Bari Weiss’s New CBS Project Debuts—and Is a Total Disaster
The CBS Evening News launch didn’t exactly go to plan.

“First day, big problems here.”
That was anchor Tony Dokoupil during his difficult-to-watch debut as the fresh face of CBS Evening News.
During his first foray into evening news Monday, Dokoupil face-planted while transitioning out of a story on Venezuela while Bari Weiss, the right-wing shill tapped to become editor in chief of CBS News, reportedly looked on from the control room.
“To Governor Walz—no. We’re gonna do Mark Kelly,” Dokoupil joked, as graphics of the Arizona senator floated on the screen. “First day—first day, big problems here.”

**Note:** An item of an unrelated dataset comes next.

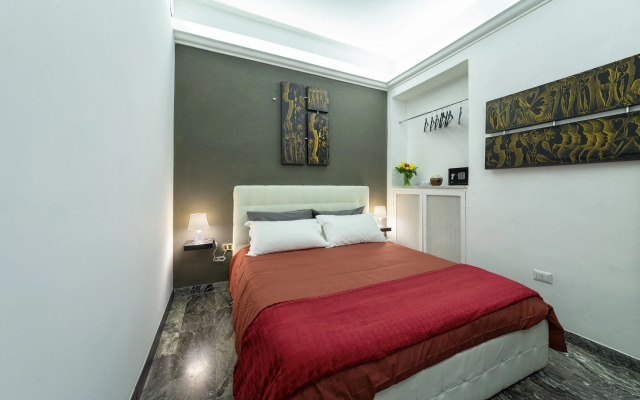 Il Ventre di Napoli Broggia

“Are we going to Kelly here? Or are we gonna go to Jonah Kaplan?” Dokoupil asked producers. There was a long on-air silence, before he finally continued. “We’re doing Mark Kelly, possibly demoted from his retired rank of captain in the Navy.”
CBS’ new guy. I think we’re good here. pic.twitter.com/EIssvBwrzM
— Boston Radio Watch®️ (@bostonradio) January 5, 2026
While transitioning out of Kelly, Dokoupil made yet another gaffe as he referred to Minnesota as the “Great Lake State,” which it is not. Minnesota is known as the “Land of 10,000 Lakes,” while the “Great Lakes State,” referring to multiple lakes, is Michigan.

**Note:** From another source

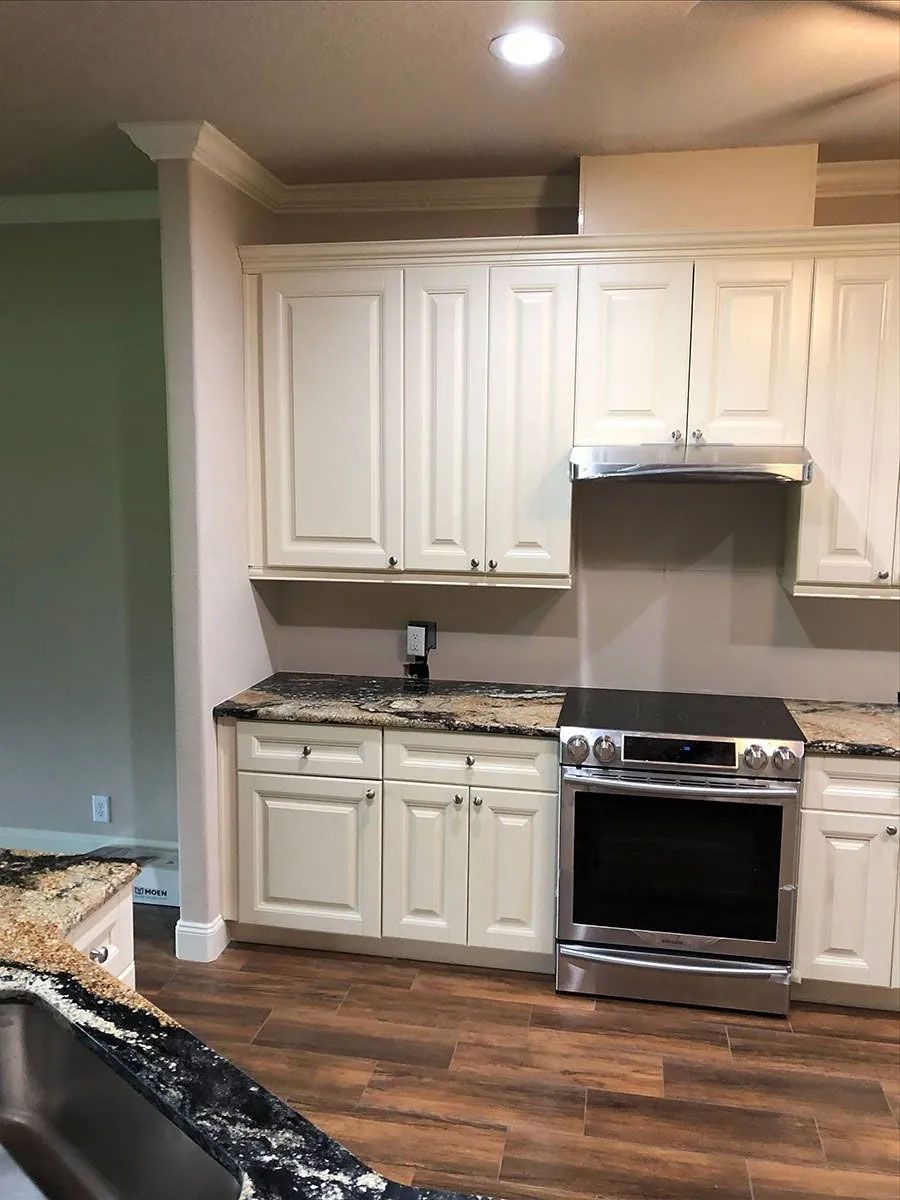 Kitchen Remodeling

Dokoupil, who previously co-hosted CBS’s morning news show, was tapped by Weiss last month to refresh the network’s evening news program previously helmed by news giants such as Walter Cronkite and Dan Rather.
Dokoupil actually promised to be “more accountable” than Cronkite, whatever the hell that means. And yet, his awkward flubs were removed from subsequent streaming and the show’s West Coast broadcast, according to Entertainment Weekly.
The 44-year-old journalist reportedly caught Weiss’s eye after his wildly unprofessional attempt to interview author Ta-Nehisi Coates last year, which Dokoupil turned into a diatribe defending Israel and accusing the author of antisemitism. CBS staffers were reportedly not impressed by Weiss’s uninspired pick of a “mediocre white man.”
Ahead of his debut, Dokoupil previewed his show with a MAGA-coded video posted to social media railing against the “elites” and “legacy media,” complaining about coverage of Hunter Biden’s laptop, Hillary Clinton’s emails, and the president’s fitness for office (not naming names) as examples of journalistic missteps—that were all copy-pasted right-wing talking points.
Dokoupil’s appointment seemingly aligns with Weiss’s journalistic North Star: staying on the Trump administration’s good side, and pulling the national discourse to an invented center that is both unrigorous and uninteresting.